Dependency Type	Representative Benchmarks	Description
Cross-modal only	MME, POPE, COCO, V*Bench	Only 4/23 benchmarks genuinely require cross-modal reasoning
Text bias present	GQA (+26%), ScienceQA (+17.5%), MMMU (+11.4%)	Models answer correctly without viewing the image
Image bias present	MMBench (+41%), SEED, TextVQA, ChartQA	Models answer correctly without viewing the question
Dual bias	MMMU-Pro, Q-Bench, MM-Star	Both modalities independently provide shortcuts

Effect of Model Scale¶

Model	MMBench Image Bias	MMMU Text Bias	POPE Cross-modal
8B	Moderate	Moderate	Random level
13B	Increased	Increased	Random level
34B	Highest	Highest	Random level
Ensemble	Highest	Highest	Random level

Cross-model Type Analysis¶

Model	Release Date	MMBench Image Bias	GQA Text Bias
Cambrian-8B	2024.06	Medium	Medium
LLaVA-Next	2024.05	Medium	Medium
Qwen2.5-VL	2025.04	High	Medium
Qwen3-VL	2025.11	Highest	Medium

Key Findings¶

Only 4 out of 23 benchmarks genuinely require cross-modal reasoning — the vast majority can be largely solved by unimodal signals alone.
Many benchmarks designed to eliminate text bias have instead introduced stronger image bias (MMBench image bias: +41%).
Larger models are more adept at exploiting unimodal shortcuts — the 34B model exhibits the highest image bias on MMBench.
Modality dependency varies substantially across sub-categories within the same benchmark — global metrics mask unimodal dependency at the sub-category level.
Consistent bias patterns are observed across different model architectures and generations — the problem lies in dataset design rather than in the models.

Highlights & Insights¶

The first systematic quantification of modality bias distributions across 23 mainstream VQA benchmarks, with findings that directly address a critical community pain point.
The finding that "eliminating text bias → introducing image bias" is highly counter-intuitive and serves as an important warning for benchmark design.
The conclusion that larger models are better at exploiting shortcuts challenges the "scale solves everything" assumption.
The data spectrum framework is concise and general, and can be extended to other multimodal tasks (audio-visual VQA, multimodal retrieval, etc.).

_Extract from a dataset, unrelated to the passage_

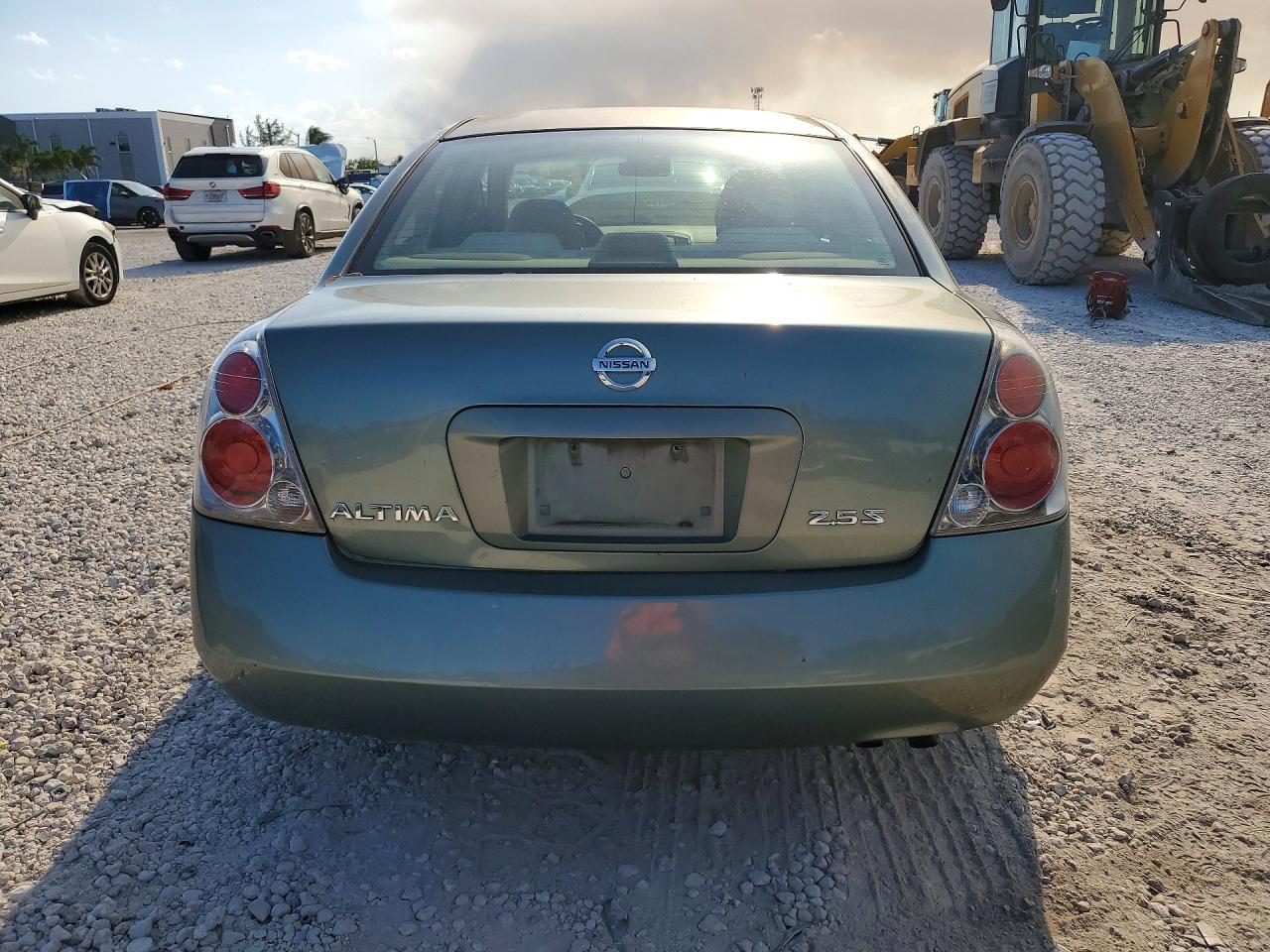 2005 Nissan Altima 2.5 - Фото 6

Limitations & Future Work¶

The analysis is primarily based on black-box probing (text-only/image-only testing) and lacks examination of internal model mechanisms (e.g., attention, gradients).
Coverage is limited to the VQA paradigm; multimodal generation, retrieval, and other task formats are not addressed.
The quantitative metrics of the data spectrum are contingent on the capability ceiling of the specific MLLMs used; different models may yield different spectral distributions.
No concrete recommendations are provided for designing benchmarks that genuinely require cross-modal reasoning.

VQA bias analysis: VQA-CP, AdVQA — this paper extends point-wise bias analysis to systematic spectral analysis.
MLLM evaluation: MMBench, MM-Vet — this paper reveals that these evaluations may overestimate cross-modal reasoning ability.
Dataset design: Balanced VQA, CounterFactual VQA — eliminating one type of bias while inadvertently introducing another.
Insight: Future multimodal benchmark design should first calibrate the bias distribution on the data spectrum to ensure that cross-modal reasoning is the genuine bottleneck rather than a shortcut.
Extended reflection: The data spectrum methodology can be generalized to benchmark quality auditing for more modality combinations, such as audio-language and video-language.
Recommendation: All multimodal benchmark papers should report image-only, text-only, and random baseline scores, rather than reporting only full-input performance.

Rating¶

Novelty: ⭐⭐⭐⭐ The data spectrum framework is novel, with counter-intuitive and valuable findings.
Experimental Thoroughness: ⭐⭐⭐⭐⭐ 23 benchmarks × 36 models with multi-scale and multi-type validation — extremely comprehensive.
Writing Quality: ⭐⭐⭐⭐ Clear structure; radar charts and sub-category visualizations are intuitive.
Value: ⭐⭐⭐⭐⭐ Directly informative for community benchmark design and model evaluation standards.